> [WHAT TO DO]: In your copy, leave out all pictures and reproduce every entry exactly.

--- DATASET RECORDS Enclosed Below ---

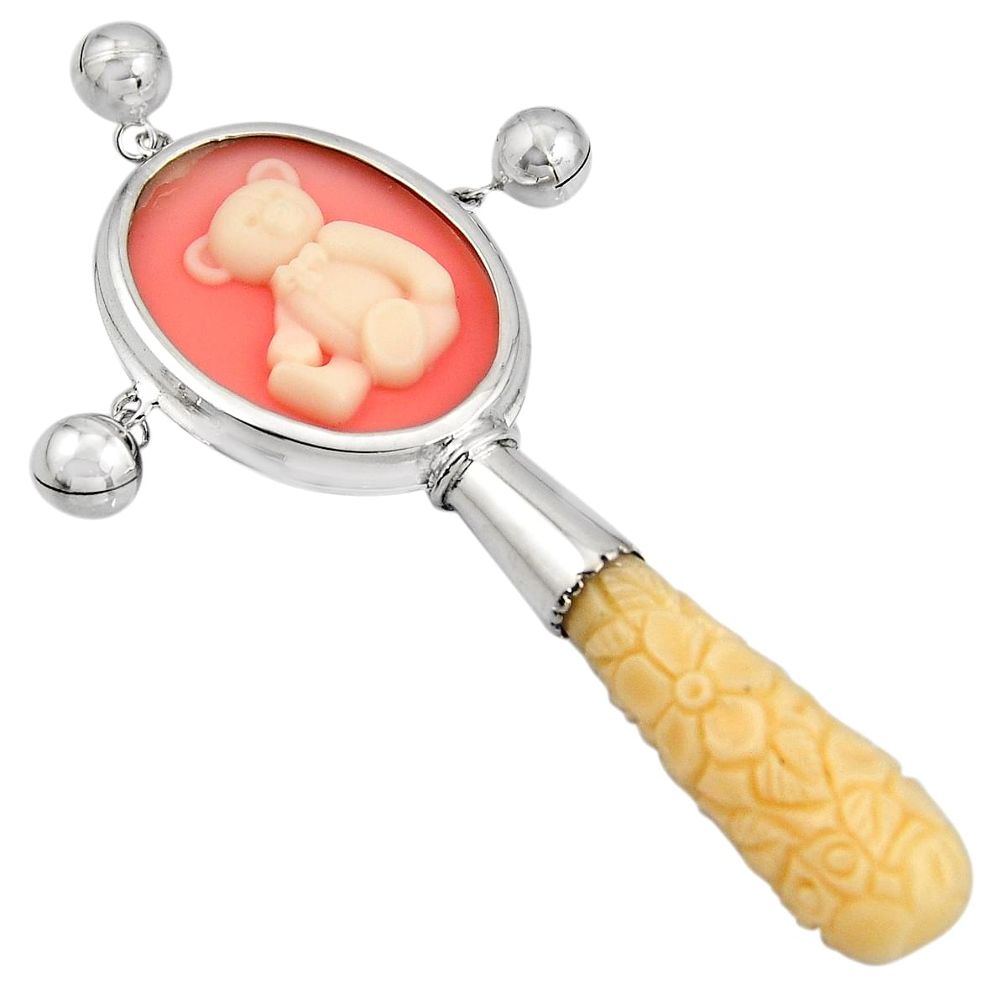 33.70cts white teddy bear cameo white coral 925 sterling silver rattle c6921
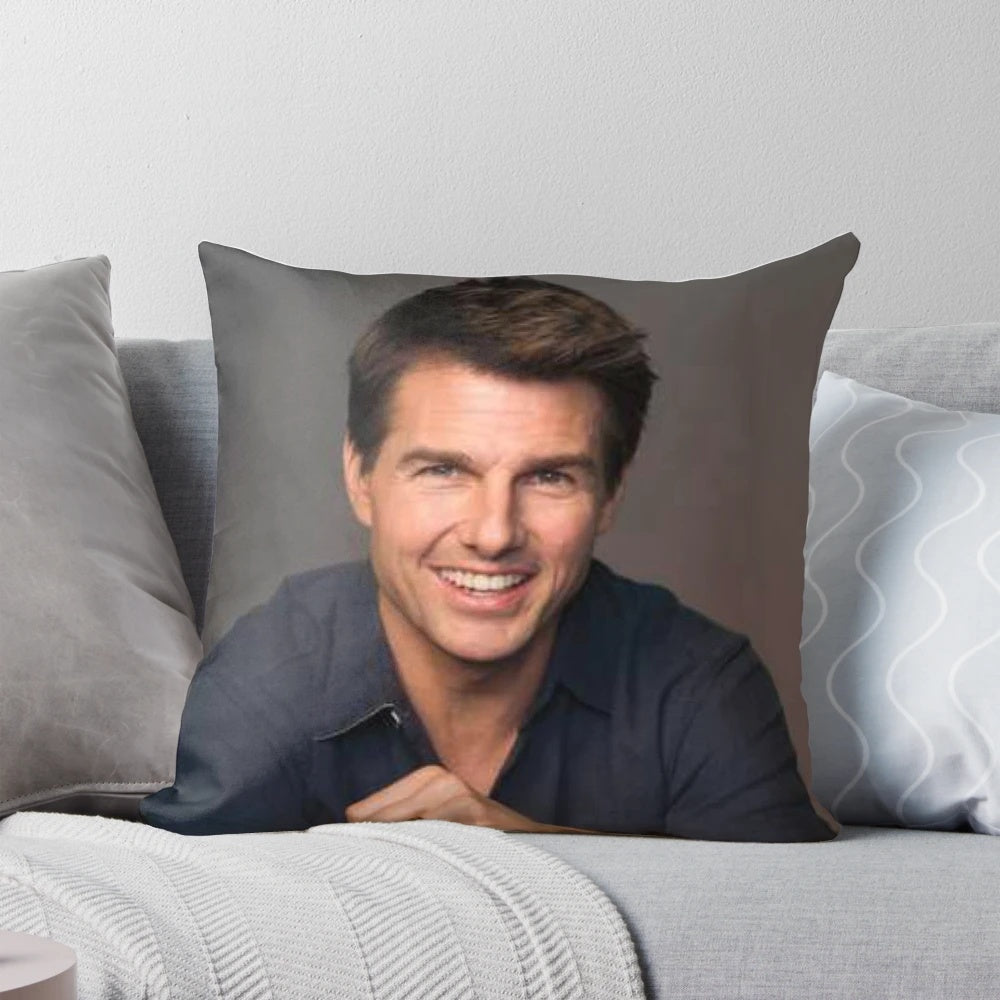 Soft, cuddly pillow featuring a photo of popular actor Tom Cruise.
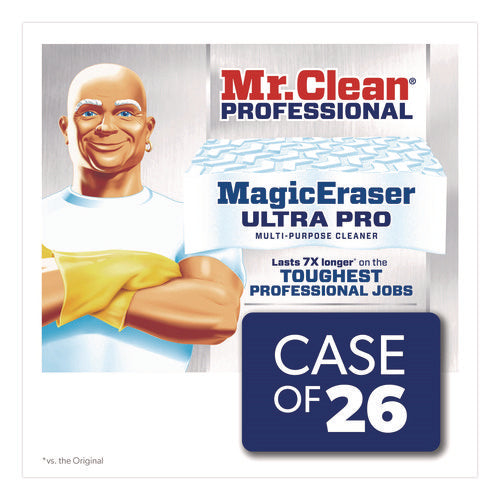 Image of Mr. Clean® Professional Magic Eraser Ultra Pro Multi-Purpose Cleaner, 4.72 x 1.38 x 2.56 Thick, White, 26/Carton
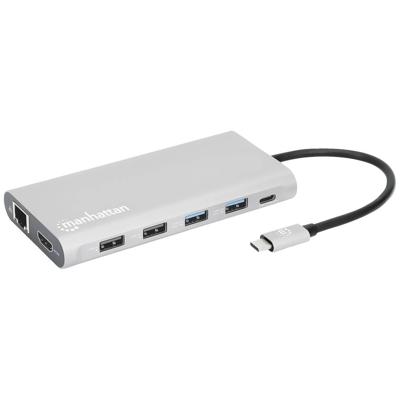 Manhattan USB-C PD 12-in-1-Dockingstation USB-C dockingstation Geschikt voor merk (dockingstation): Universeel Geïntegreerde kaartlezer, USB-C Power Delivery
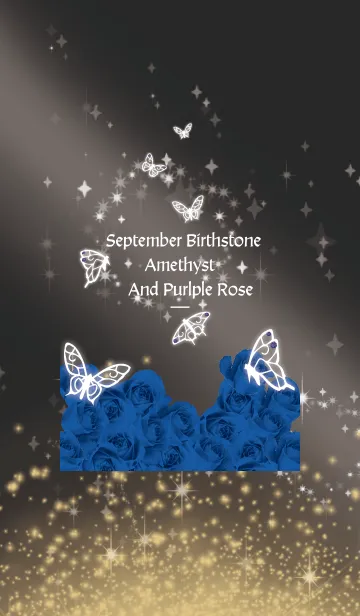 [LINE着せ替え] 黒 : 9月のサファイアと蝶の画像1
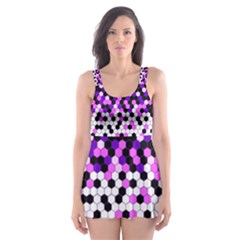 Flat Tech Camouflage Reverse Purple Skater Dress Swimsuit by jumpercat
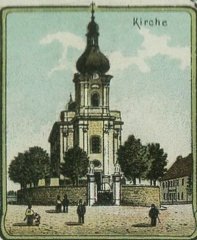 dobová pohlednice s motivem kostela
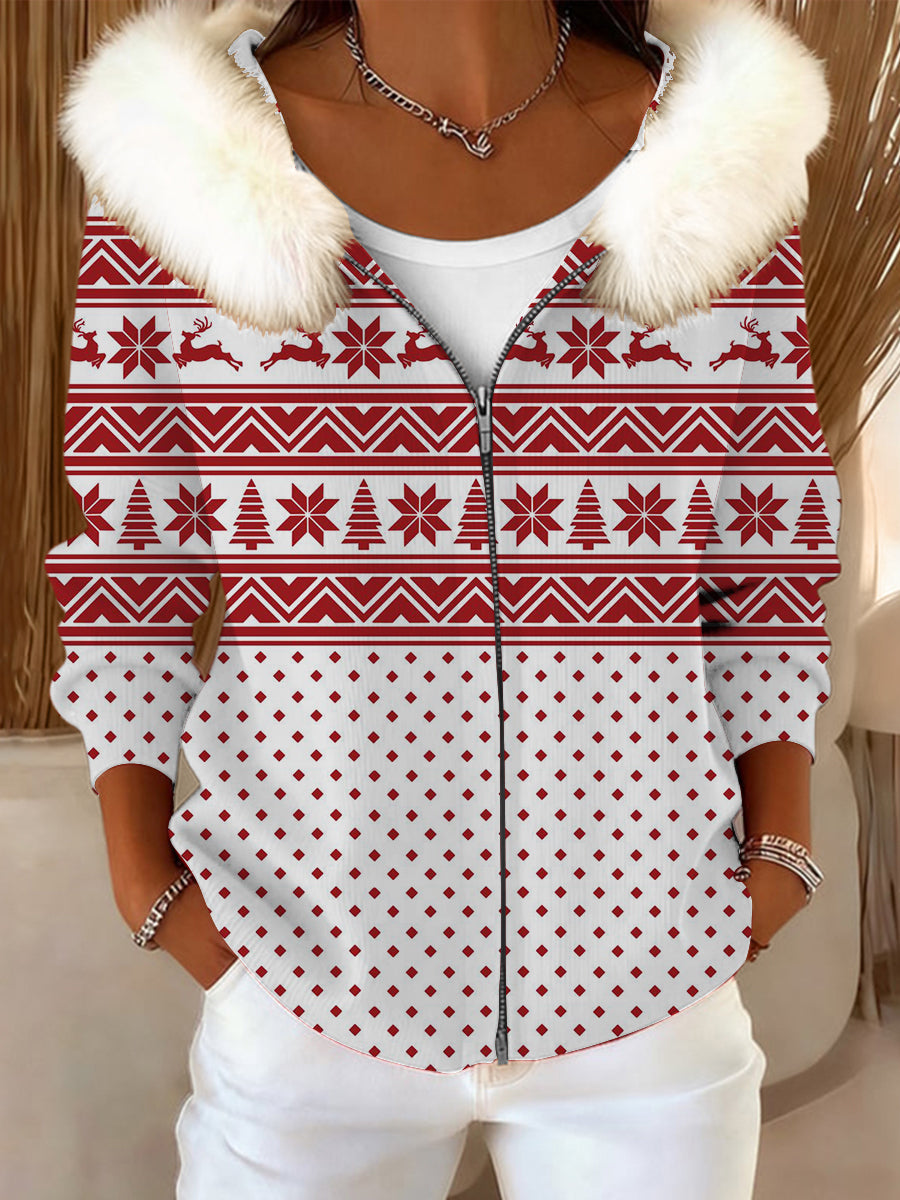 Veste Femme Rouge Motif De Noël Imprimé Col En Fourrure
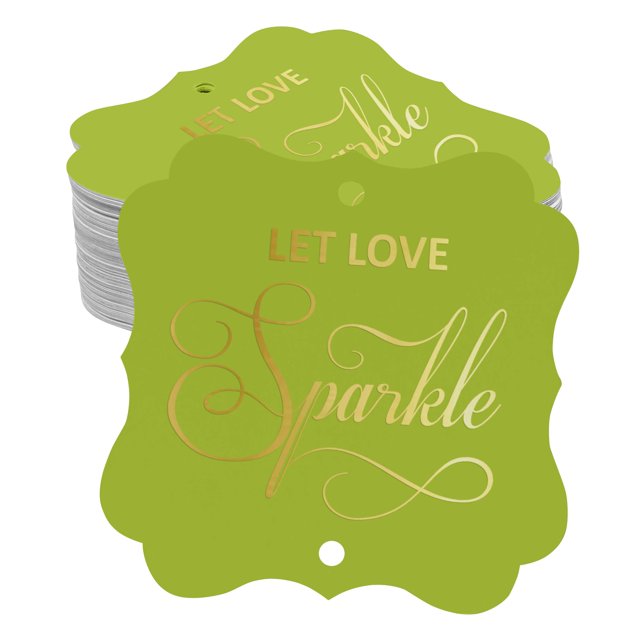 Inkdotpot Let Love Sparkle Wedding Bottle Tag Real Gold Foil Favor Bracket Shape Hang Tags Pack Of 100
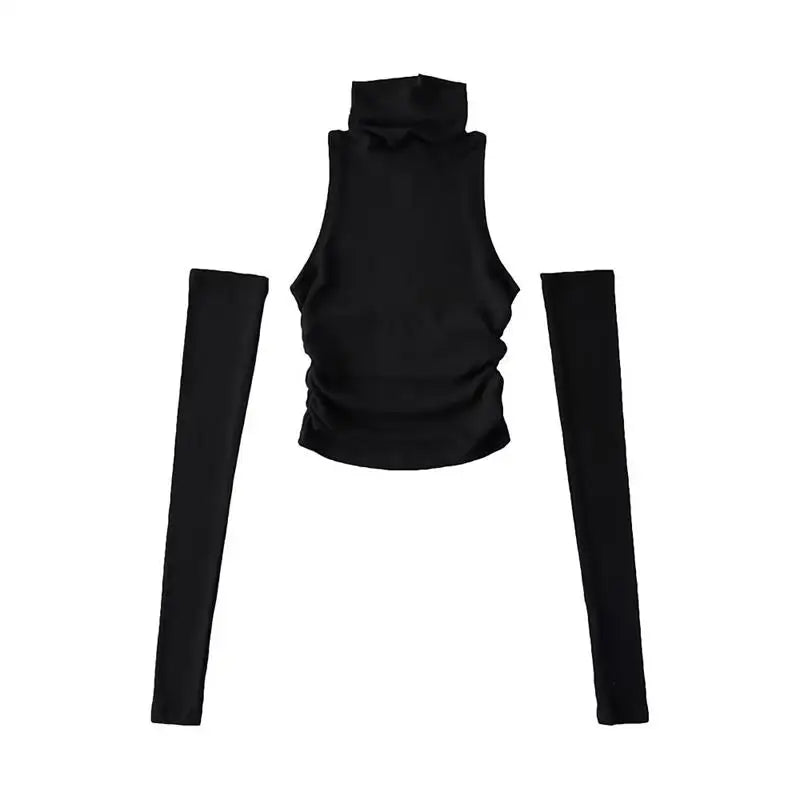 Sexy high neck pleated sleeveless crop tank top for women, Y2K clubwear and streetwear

--- End of Enclosed DATASET RECORDS ---

> [RESPONSE AREA]:
 33.70cts white teddy bear cameo white coral 925 sterling silver rattle c6921
 Soft, cuddly pillow featuring a photo of popular actor Tom Cruise.
 Image of Mr. Clean® Professional Magic Eraser Ultra Pro Multi-Purpose Cleaner, 4.72 x 1.38 x 2.56 Thick, White, 26/Carton
 Manhattan USB-C PD 12-in-1-Dockingstation USB-C dockingstation Geschikt voor merk (dockingstation): Universeel Geïntegreerde kaartlezer, USB-C Power Delivery
 [LINE着せ替え] 黒 : 9月のサファイアと蝶の画像1
 Flat Tech Camouflage Reverse Purple Skater Dress Swimsuit by jumpercat
 dobová pohlednice s motivem kostela
 Veste Femme Rouge Motif De Noël Imprimé Col En Fourrure
 Inkdotpot Let Love Sparkle Wedding Bottle Tag Real Gold Foil Favor Bracket Shape Hang Tags Pack Of 100
 Sexy high neck pleated sleeveless crop tank top for women, Y2K clubwear and streetwear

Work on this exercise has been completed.